I am a huge fan of CS (will be doing a Meet-up presentation on it for one of the stronger PHP communities in UK soon); but I am also aware that it has its own challenges and counter-points that might make it sensible for someone building a simple faq or command bot to use one of the quick and dirty solutions, vs the magic of CS.

 

 
  [ # 2 ]

The TAY discussion is not really on point. They didn’t HAVE to add user output into the system. The ML/CS discussion is on input detection, not what you say. Yes, the suicide discussion requires reasonable confidence, but that’s just a matter of picking your values, not an indictment of ML vs CS. And you can handle misdetection of suicidal intent by asking about it. It may well be better to error on overfiguring suicidal intent rather than missing it with too high a confidence value.

 

 
  [ # 3 ]

” Using ML to spot patterns in users’ interactions can help steer scripters with regard to gaps, missing categories, emphases, unnoticed nodes, etc”

While I am not averse to ML being added to a CS system, scripters can also read the same extra data being given to ML. It is not ML that spots patterns and steers scripters, it is the raw data. ML can just run independent of scripters and make scripting moot in a mature system

 

 
  [ # 4 ]

” it is hard to motivate someone to learn CS from scratch, become good at it, and build in a relative vacuum. With ML talent is expensive, but more easily found”

And I certainly agree there is a dearth of CS programmers and why should any existing programmers want to convert?
Can’t help you there.  And if you want to build a simple bot, for simple usage, then ML is a fine alternative.  I will point out for enterprise use, that one does NOT require a CS programmer when using Kore. Kore buries the use of CS within a more generic description framework of fundamental meaning, synonyms, and idioms.

 

 
  [ # 5 ]

The why we should want to convert I guess at this stage is likely to be because we like the space, want to dive into it, and are persuaded of the advantages and potential of CS. That is why I have been diving into it anyway, from a PHP/JS background. Kore sounds very promising. Haven’t tried it, but it does in concept dramatically reduce the entry barriers and expand the pool of potential users. I am glad you pointed out the CS elements. I’d have to have dug pretty deep into their faqs to realise that was the case. An exciting new departure. I notice that they announced a partnership with Facebook. A promising step in the fantastic contribution that CS represents.

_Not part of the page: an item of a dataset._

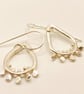 Sterling Silver Kinetic Paddle Earrings  - Image 1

Re: ML and semantic analysis, it is a fair point. Automation is different from ML, and in the past I have used rules based NLP engines (one called TROPES back in the day) to crunch through big-ish data (a ton of reports from the International Federation of the Red Cross), more than human scripters could have realistically analysed, to find extremely useful patterns that proved their worth at an enterprise level. I am not sure how much value ML would have added to that kind of problem, compared to what I used. In fact, I am currently exploring the potential of ChatScript as an auto-tagging and pattern recognition tool. I am thinking I should be able to use its fantastically rich, adaptable and fast NLP to take user output and generate associated concepts and potentially hierarchies. Early days.